Moe – I know you always talk about music “scenes…” Let’s talk about music itself..
Bobby – Music what?
Moe – Music itself as a subject.
Bobby – Uh huh!
Moe – More importantly than a band… Of course you were in The Grateful Dead… You helped to form music itself.
Bobby – (Smiles) Yeah, so I’m told!
Moe – (Laughs)
Bobby – You know, I’m told that The Grateful Dead were the “Godfathers of the Jam Band Scene,” though I don’t see it that way. You know, I think what we do goes back at least to Buddy Boland, the legendary New Orleans trumpet player back around the turn of the last century. I think that basically jam music in Western culture comes from at least that far back. We… The Grateful Dead managed to bring rock and roll, or what they call rock and roll sort of in that direction. That may have been our crowning achievement, perhaps. And in that regard, I guess we have contributed a bit. I think that people have found inspiration in what we did and I think you can hear at Bonnaroo a lot of bands who, like I said, found inspiration in what we did and are sort of carrying that torch.
Moe – Absolutely.
Bobby – So… you know, I think that’s good ’cause the more adventure there is in music, the more I think the rewards are.
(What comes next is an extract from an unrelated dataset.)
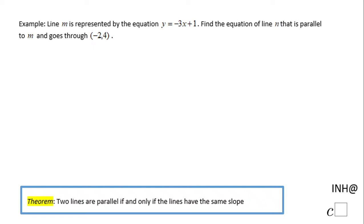Welcome back. In this example, we have a line M given by an equation. We need to find the equation of a line that is parallel to M and goes through the point negative 2 and 4. Notice the theorem that says two lines are parallel if and only if the lines have the same slope.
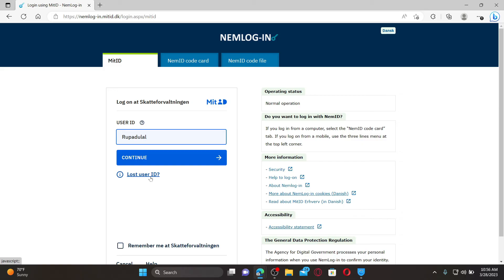After you type in the user ID, click continue. On the next page type in your password. Follow through the on-screen prompts till the end and fill in the information that is needed, and you'll be able to log into your SCAT account. That is how it can be done.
Moe – So it started back in the late 20’s and 30’s with Jazz… With Louis Armstrong or earlier than that…
Bobby – Yeah… Louis Armstrong… Those guys. You know, particularly Louis Armstrong.
Moe – Right… So you think it really progressed when The Beatles brought electric to the scene… They made it mainstream, do you think?
Bobby – The Beatles were more mainstream. Their arrangements were tight, but there wasn’t a lot of room for improvisation in what they did. They were awfully good at what they did, but I wouldn’t have called them a “jam band” by any means or a jazz band or anything like that.
Moe – Duke Ellington mentioned about jazz having no rules… no form… it can be held down to no laws. How do you feel that it applies to your music?
Bobby – Well, you know, it’s 100 percent applicable to what we do, though that’s an awfully high standard to set.
Moe – Of course.
Bobby – No rules… no form… It’s almost impossible to live up to that on a “good night,” and we have “good nights” pretty regularly in my band these days! We go to places where we’re really starting from go. We don’t even know what tempo we’re going to start with. Tempo is a rule. A key is a rule. A tonality is a rule. Then a melody is another rule. Rhythm is another rule… And all that kind of stuff… And to make music that people can actually enjoy listening to, you have to conform to a lot of those rules.
Moe – Right.
Bobby – Though like I say, on some evenings, we can throw all that stuff out the window and be really free, and still make music that people can get into. We’re trying to do that nightly.
Moe – You have a setlist of almost 200 songs, correct? Or is it more than that?
Bobby – Something like that.
Moe – How decide how to go from song to song? Are moving more to setlists now, or are you still doing improvisation? What is your approach these days?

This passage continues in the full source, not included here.